▸ REQUIRED ACTION
The expected response is the full listing, retyped exactly, without its images.

▸ DATA PROVIDED
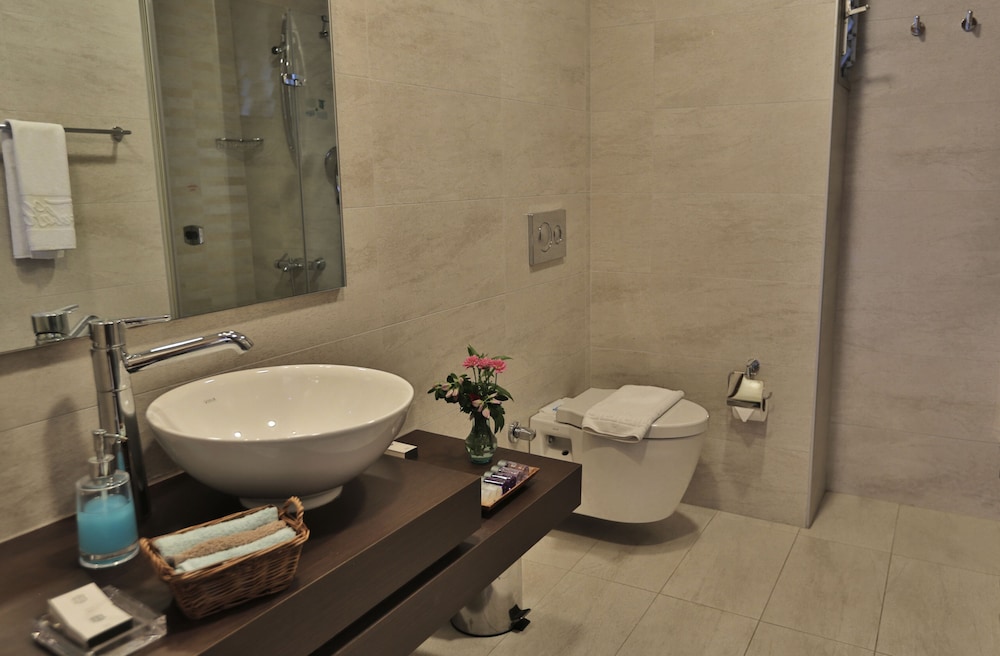 Torbahan Boutique Hotel 48/50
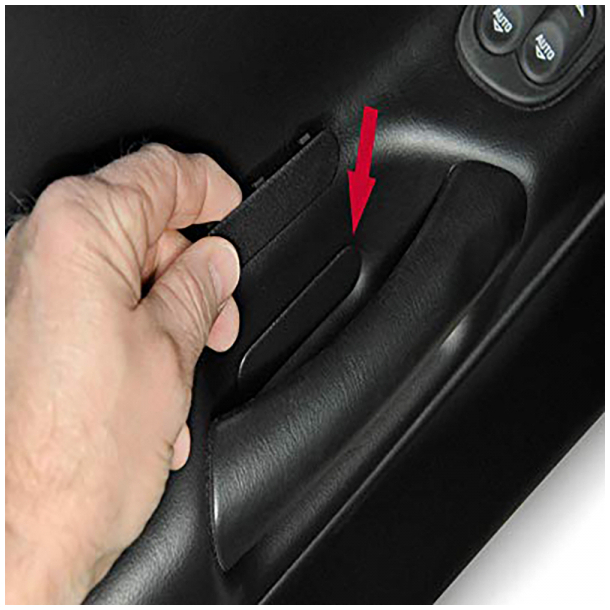 Door Panel Access Plug 1997-2004 Corvette (ECK 129552)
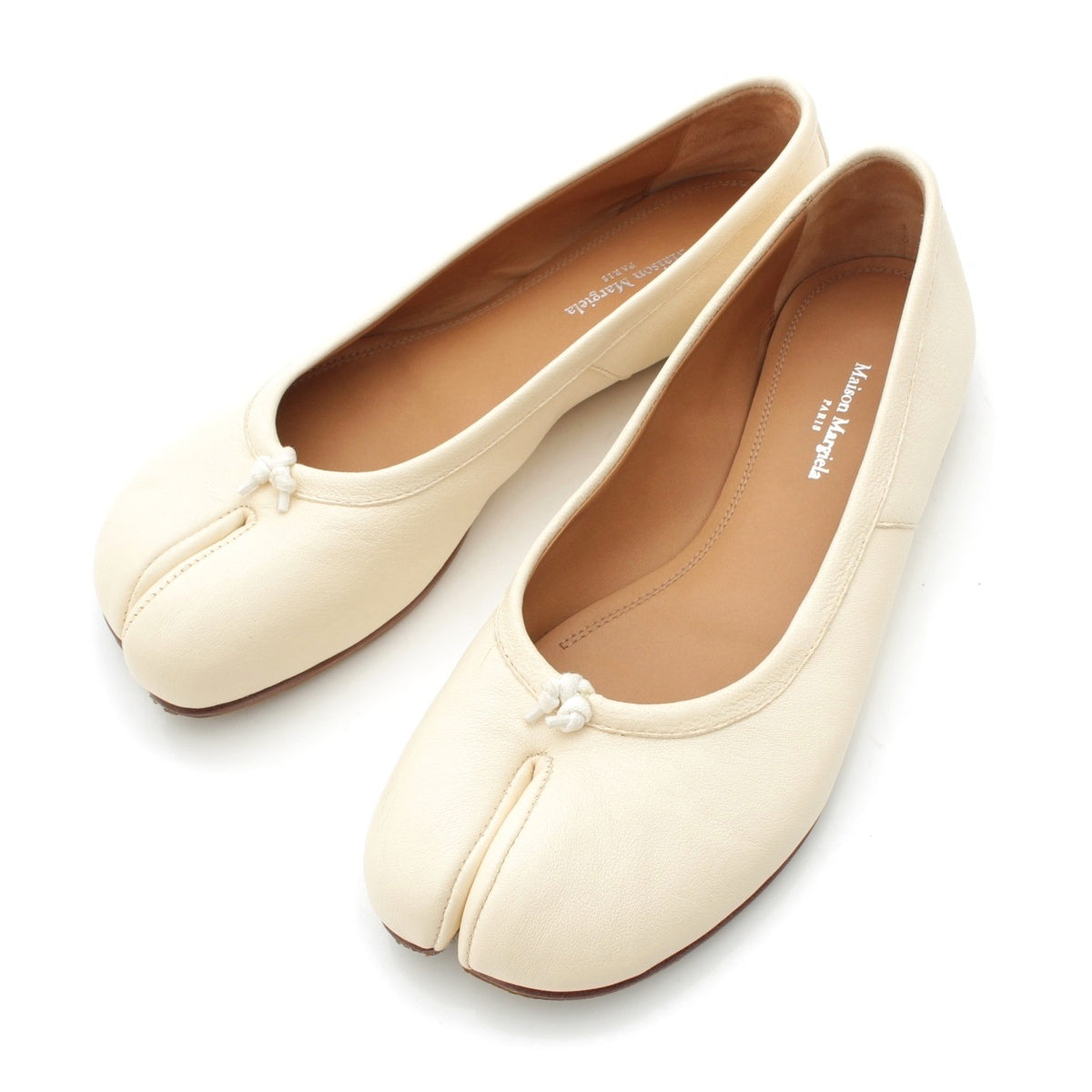 Maison Margiela Tabi leather flat pumps shoes Ivory 35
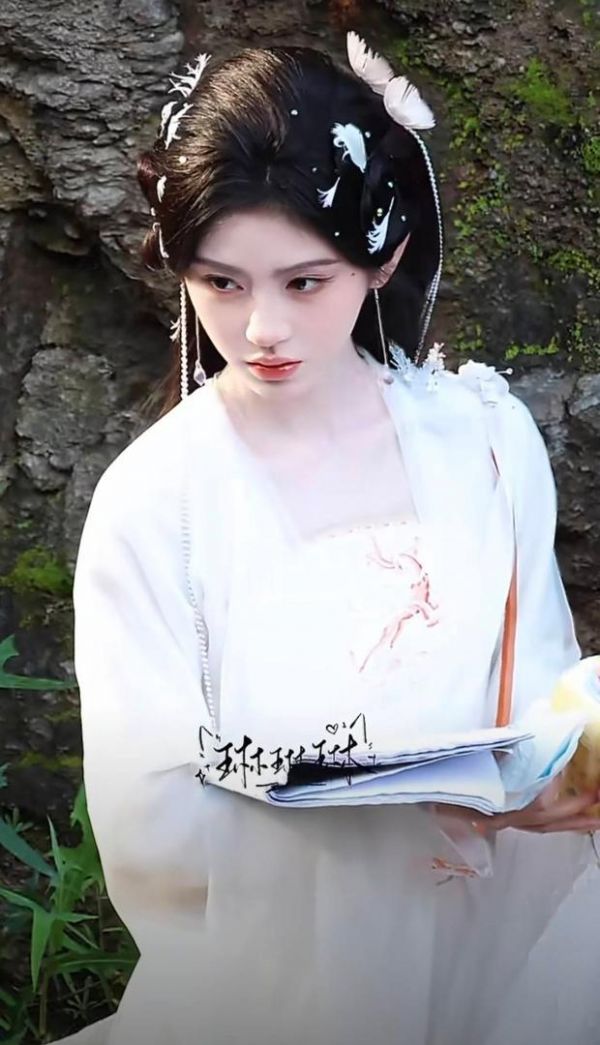 鞠婧祎灵动清丽。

▸ EXERCISE OUTPUT
 Torbahan Boutique Hotel 48/50
 Door Panel Access Plug 1997-2004 Corvette (ECK 129552)
 Maison Margiela Tabi leather flat pumps shoes Ivory 35
 鞠婧祎灵动清丽。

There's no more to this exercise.